== DATASET EXCERPTS

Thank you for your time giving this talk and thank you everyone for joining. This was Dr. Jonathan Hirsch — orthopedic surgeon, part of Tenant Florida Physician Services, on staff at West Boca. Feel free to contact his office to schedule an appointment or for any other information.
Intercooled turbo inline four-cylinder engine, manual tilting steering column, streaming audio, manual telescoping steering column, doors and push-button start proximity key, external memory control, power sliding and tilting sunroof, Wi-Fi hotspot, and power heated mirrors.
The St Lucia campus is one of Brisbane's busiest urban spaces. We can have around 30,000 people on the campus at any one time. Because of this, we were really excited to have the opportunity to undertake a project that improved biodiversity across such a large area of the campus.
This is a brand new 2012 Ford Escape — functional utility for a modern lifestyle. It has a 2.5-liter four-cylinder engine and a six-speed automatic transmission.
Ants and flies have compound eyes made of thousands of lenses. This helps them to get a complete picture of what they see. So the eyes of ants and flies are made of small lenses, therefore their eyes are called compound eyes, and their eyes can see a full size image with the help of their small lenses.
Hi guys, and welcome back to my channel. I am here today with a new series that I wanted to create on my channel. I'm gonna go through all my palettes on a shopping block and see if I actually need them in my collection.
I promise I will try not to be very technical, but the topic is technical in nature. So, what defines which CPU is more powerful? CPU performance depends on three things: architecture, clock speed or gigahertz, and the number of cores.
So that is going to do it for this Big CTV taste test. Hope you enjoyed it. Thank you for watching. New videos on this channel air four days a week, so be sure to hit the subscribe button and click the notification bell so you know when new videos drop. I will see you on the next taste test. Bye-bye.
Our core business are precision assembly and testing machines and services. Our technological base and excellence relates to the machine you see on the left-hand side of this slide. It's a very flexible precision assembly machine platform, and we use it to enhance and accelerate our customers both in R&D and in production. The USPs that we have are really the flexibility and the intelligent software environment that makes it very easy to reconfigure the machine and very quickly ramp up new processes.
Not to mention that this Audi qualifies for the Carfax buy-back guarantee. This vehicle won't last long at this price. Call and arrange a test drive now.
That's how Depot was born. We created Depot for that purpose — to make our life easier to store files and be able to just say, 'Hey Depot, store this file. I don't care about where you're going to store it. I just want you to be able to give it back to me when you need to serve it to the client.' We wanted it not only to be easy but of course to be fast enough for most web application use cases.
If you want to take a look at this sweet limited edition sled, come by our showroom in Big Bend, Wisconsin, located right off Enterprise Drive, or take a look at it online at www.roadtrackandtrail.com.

====
== DATASET EXCERPTS

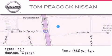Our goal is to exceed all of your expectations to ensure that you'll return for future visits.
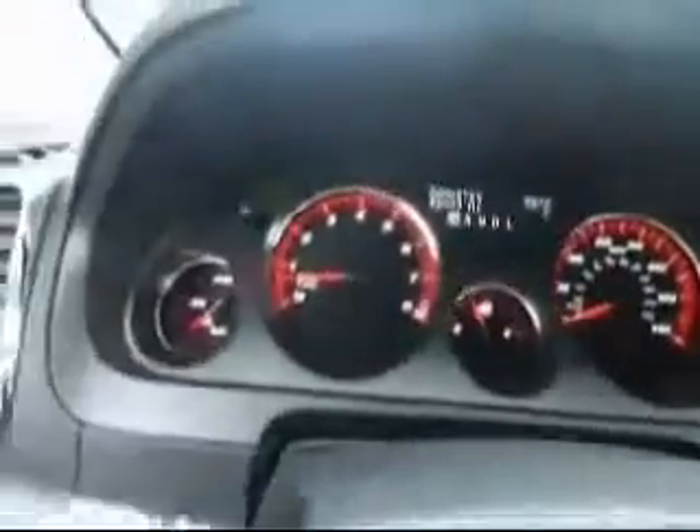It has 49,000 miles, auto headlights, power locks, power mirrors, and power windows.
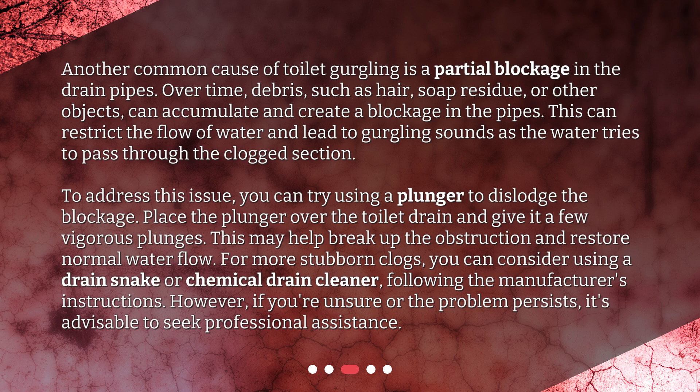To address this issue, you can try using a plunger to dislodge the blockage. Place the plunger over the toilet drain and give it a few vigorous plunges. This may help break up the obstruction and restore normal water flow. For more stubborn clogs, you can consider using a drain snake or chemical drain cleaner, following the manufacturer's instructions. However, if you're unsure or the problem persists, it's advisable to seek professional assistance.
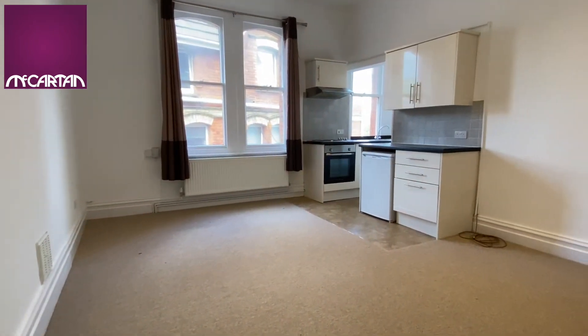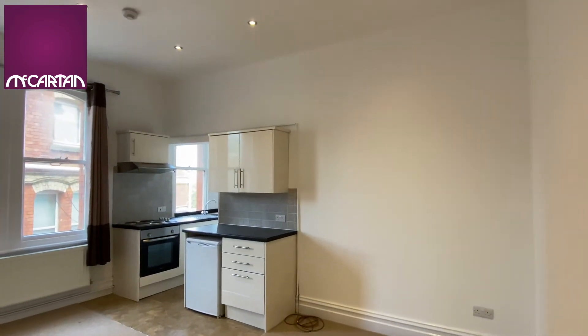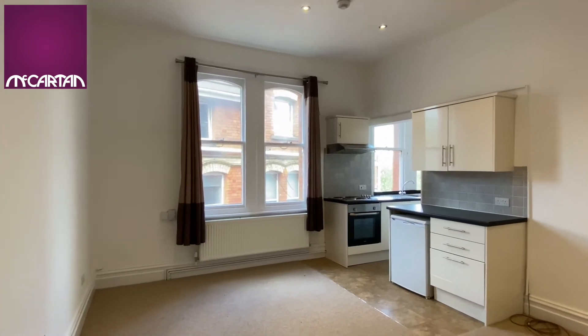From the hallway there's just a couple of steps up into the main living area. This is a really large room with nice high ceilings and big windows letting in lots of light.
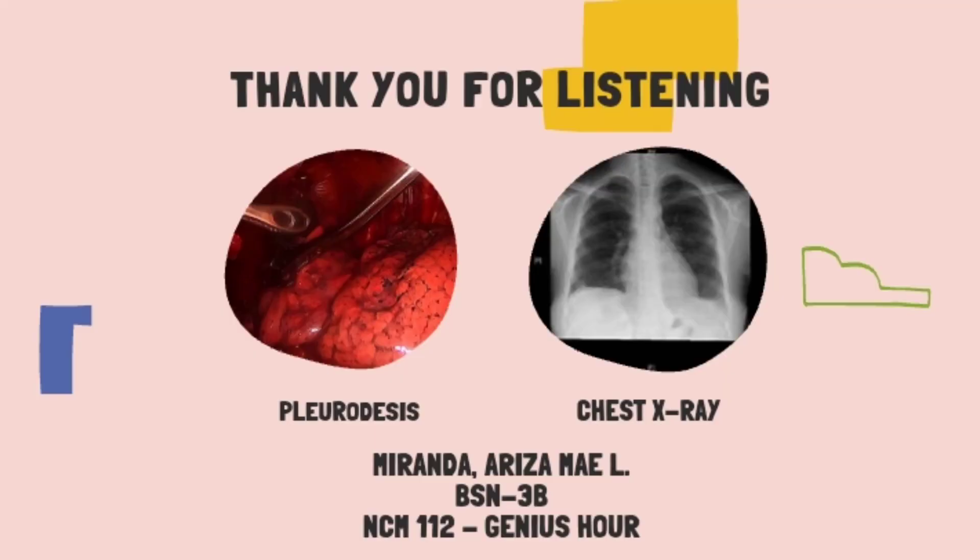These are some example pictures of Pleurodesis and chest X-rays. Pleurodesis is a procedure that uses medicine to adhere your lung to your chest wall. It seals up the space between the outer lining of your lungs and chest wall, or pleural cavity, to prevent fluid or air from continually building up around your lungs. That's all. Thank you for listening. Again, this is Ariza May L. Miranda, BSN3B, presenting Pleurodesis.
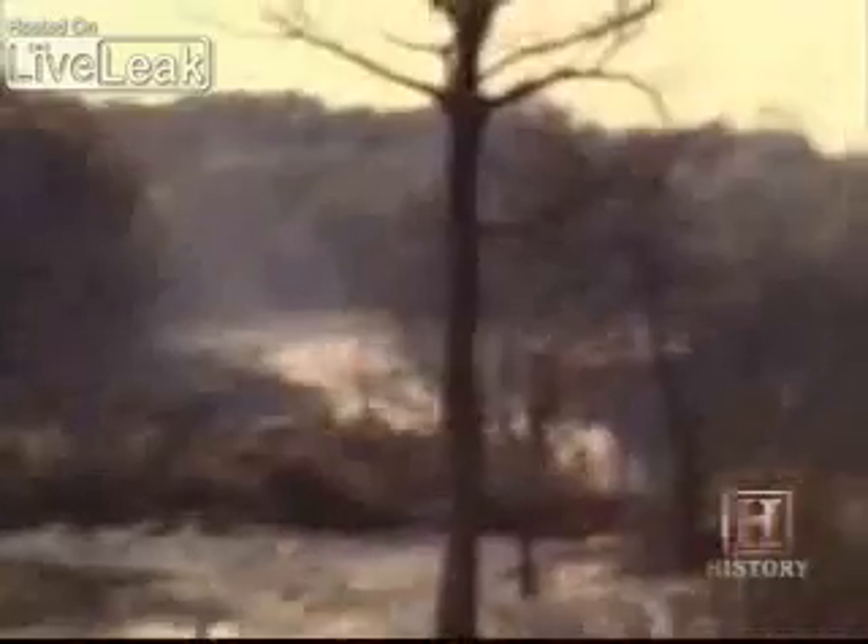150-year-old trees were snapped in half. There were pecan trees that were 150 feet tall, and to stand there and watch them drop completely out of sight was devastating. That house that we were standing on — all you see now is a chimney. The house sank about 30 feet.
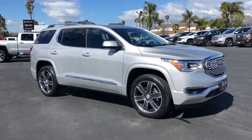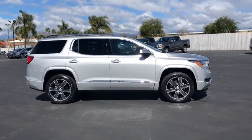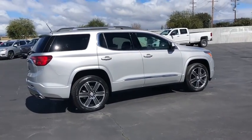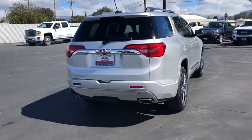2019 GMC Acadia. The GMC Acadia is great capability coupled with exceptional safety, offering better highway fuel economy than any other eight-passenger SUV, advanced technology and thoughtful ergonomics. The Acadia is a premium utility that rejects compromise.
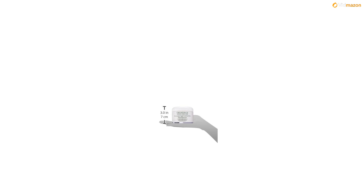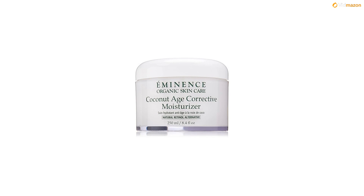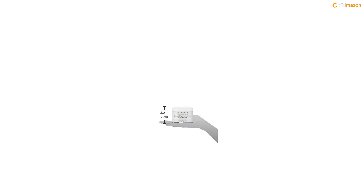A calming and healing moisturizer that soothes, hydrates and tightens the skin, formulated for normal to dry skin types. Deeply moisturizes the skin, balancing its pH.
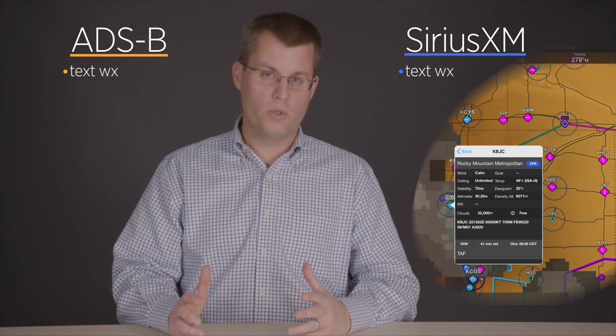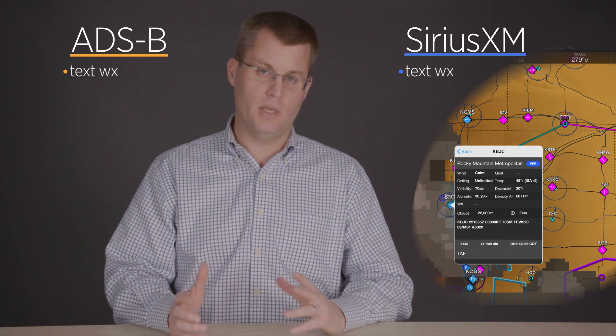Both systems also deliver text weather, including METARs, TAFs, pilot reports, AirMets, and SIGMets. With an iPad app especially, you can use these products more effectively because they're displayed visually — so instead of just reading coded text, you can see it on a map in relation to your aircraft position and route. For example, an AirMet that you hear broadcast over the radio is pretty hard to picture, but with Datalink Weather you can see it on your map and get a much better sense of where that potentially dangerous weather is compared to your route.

====
== DATASET EXCERPTS

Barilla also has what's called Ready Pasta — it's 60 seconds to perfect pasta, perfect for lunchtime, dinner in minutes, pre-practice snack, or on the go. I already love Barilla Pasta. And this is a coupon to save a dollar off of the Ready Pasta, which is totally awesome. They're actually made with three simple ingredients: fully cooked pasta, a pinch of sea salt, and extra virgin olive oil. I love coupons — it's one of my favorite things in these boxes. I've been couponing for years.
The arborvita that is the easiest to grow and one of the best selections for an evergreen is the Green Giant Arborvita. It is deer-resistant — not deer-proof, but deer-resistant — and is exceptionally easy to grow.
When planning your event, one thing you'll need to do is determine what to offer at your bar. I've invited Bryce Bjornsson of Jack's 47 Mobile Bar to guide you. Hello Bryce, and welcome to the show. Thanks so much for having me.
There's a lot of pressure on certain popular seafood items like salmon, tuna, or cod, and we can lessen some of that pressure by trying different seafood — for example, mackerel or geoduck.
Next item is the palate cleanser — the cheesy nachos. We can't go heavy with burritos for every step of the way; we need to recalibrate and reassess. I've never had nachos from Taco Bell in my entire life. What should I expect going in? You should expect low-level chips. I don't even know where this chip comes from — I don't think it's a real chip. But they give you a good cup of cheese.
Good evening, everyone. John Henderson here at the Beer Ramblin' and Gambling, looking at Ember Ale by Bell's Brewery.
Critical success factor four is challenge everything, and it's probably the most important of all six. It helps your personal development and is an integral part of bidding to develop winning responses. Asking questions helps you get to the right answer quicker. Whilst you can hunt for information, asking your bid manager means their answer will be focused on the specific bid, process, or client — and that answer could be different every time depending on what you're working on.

====

TASK REQUIREMENTS:
Output only the lines above from the line that holds "Our goal is" through the line that holds "It has 49,000", both ends included, and exclude pictures.

EXERCISE RESPONSE:
Our goal is to exceed all of your expectations to ensure that you'll return for future visits.
It has 49,000 miles, auto headlights, power locks, power mirrors, and power windows.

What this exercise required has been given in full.